## What to work on
Copy every record exactly as it stands. Leave the pictures out.

━━━ Information

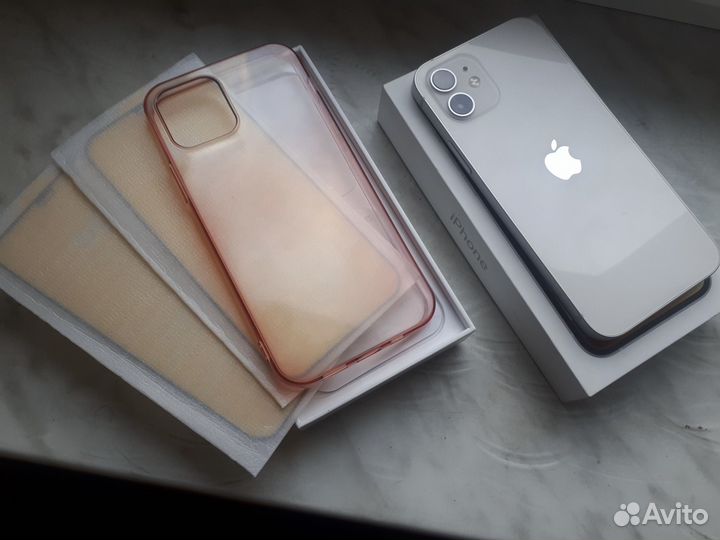 iPhone 12, 64 ГБ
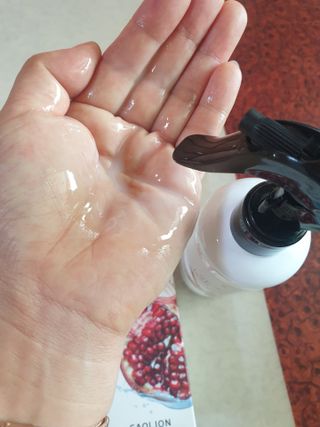 카오리온코스메틱스 곡물 바디 필링 스프레이 — 5점을 준 리뷰어가 2021년 7월 올린 사용 사진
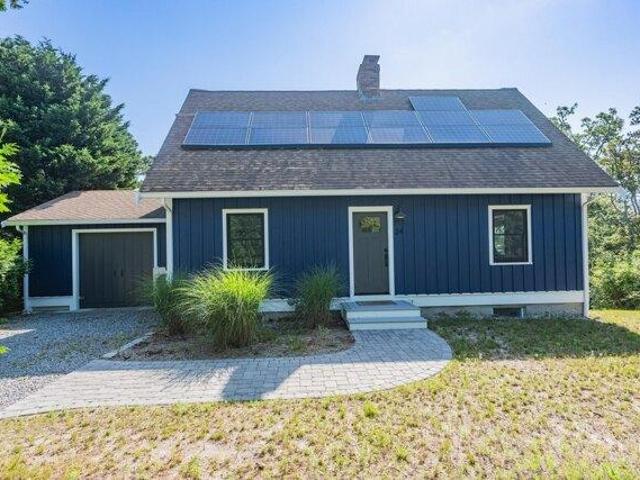 House for sale in North Chatham, Massachusetts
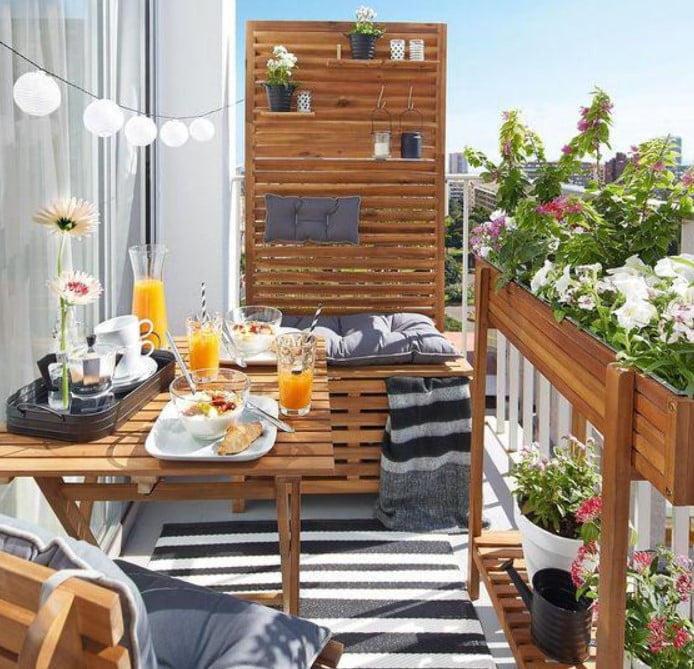 Їдальня на балконі з терасних дошок
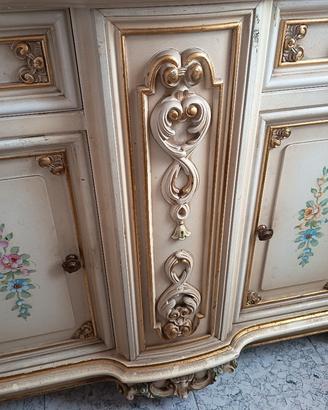credenza stile veneziano 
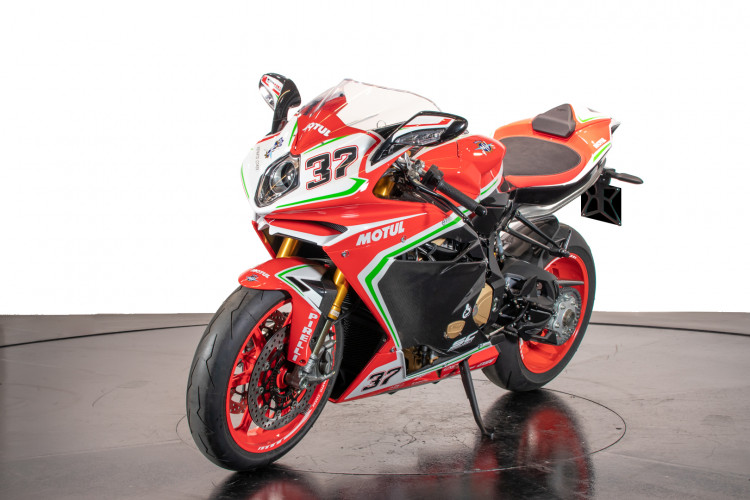 2016 MV AGUSTA 1000 F6 7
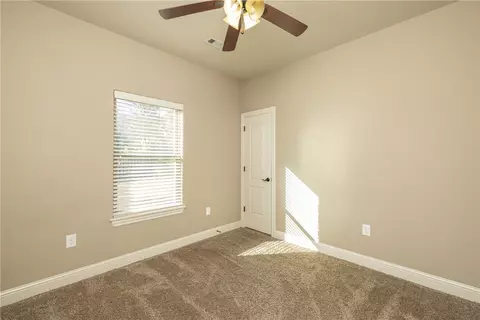 Bedroom - 580 Lancaster Rd, Centerton, AR 72719 photo 3 of 5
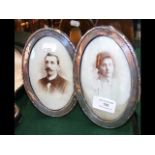 A pair of silver oval photo frames - 16cm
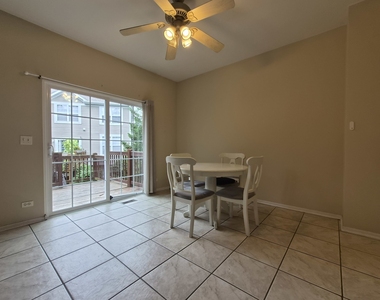2337 Hudson Circle - Photo Thumbnail 8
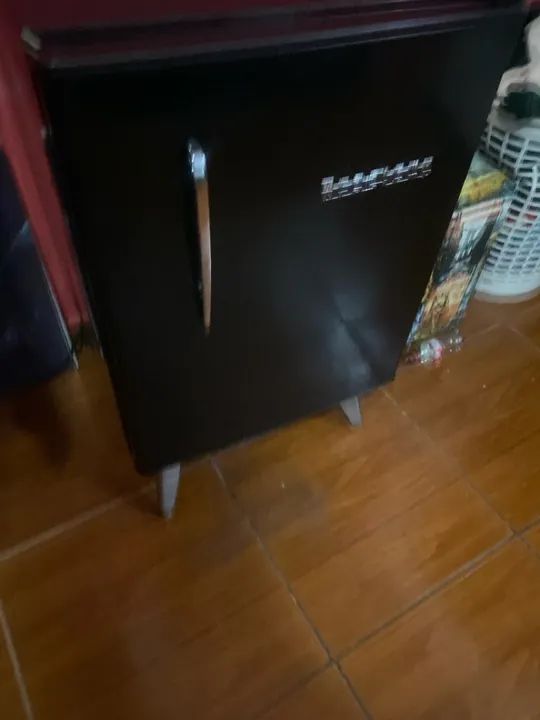 Frigobar Brastemp retrô preto - Foto 6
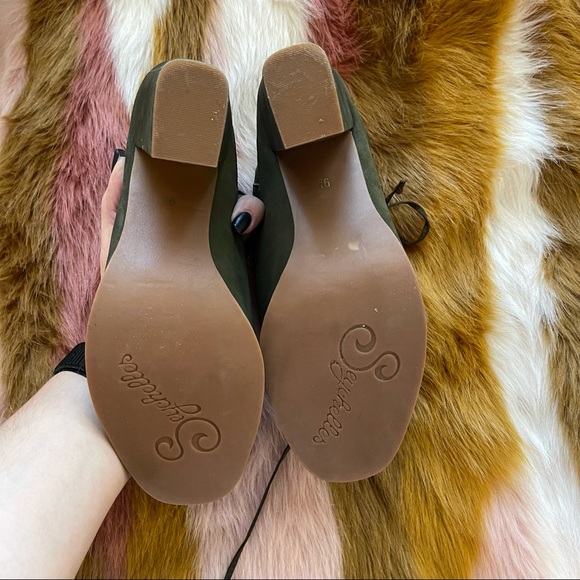 Seychelles Green Suede Triple Threat Booties - Picture 10 of 10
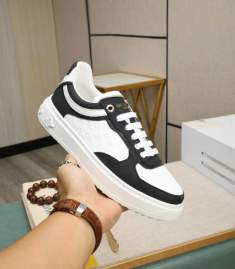 Picture of Louis Vuitton Shoes _SKULVsz38-44mnf071917231
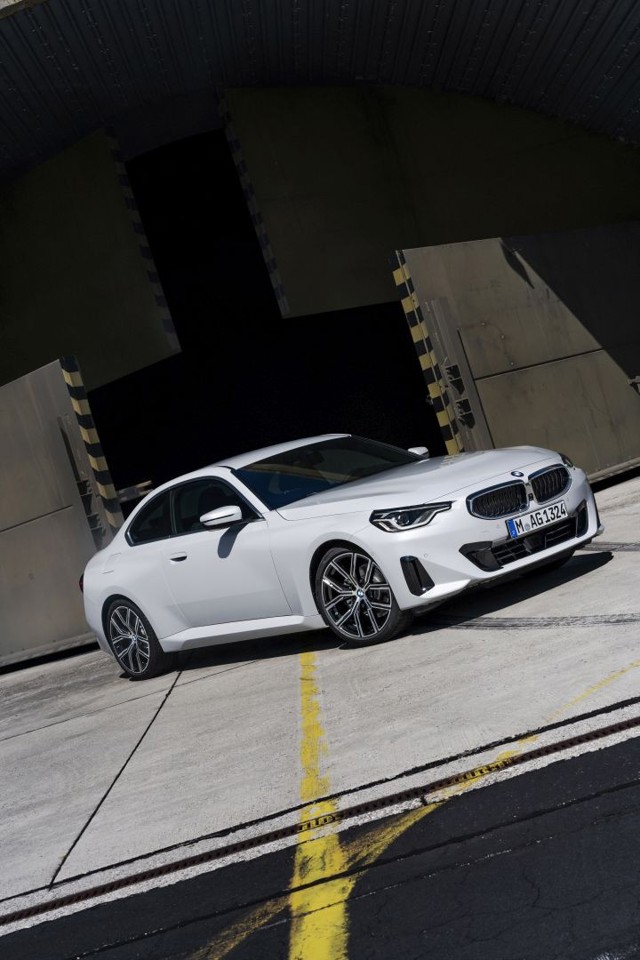 Bmw 2 Series Coupe photo 11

━━━━━━

## Expected output
 iPhone 12, 64 ГБ
 카오리온코스메틱스 곡물 바디 필링 스프레이 — 5점을 준 리뷰어가 2021년 7월 올린 사용 사진
 House for sale in North Chatham, Massachusetts
 Їдальня на балконі з терасних дошок
credenza stile veneziano 
 2016 MV AGUSTA 1000 F6 7
 Bedroom - 580 Lancaster Rd, Centerton, AR 72719 photo 3 of 5
 A pair of silver oval photo frames - 16cm
2337 Hudson Circle - Photo Thumbnail 8
 Frigobar Brastemp retrô preto - Foto 6
 Seychelles Green Suede Triple Threat Booties - Picture 10 of 10
 Picture of Louis Vuitton Shoes _SKULVsz38-44mnf071917231
 Bmw 2 Series Coupe photo 11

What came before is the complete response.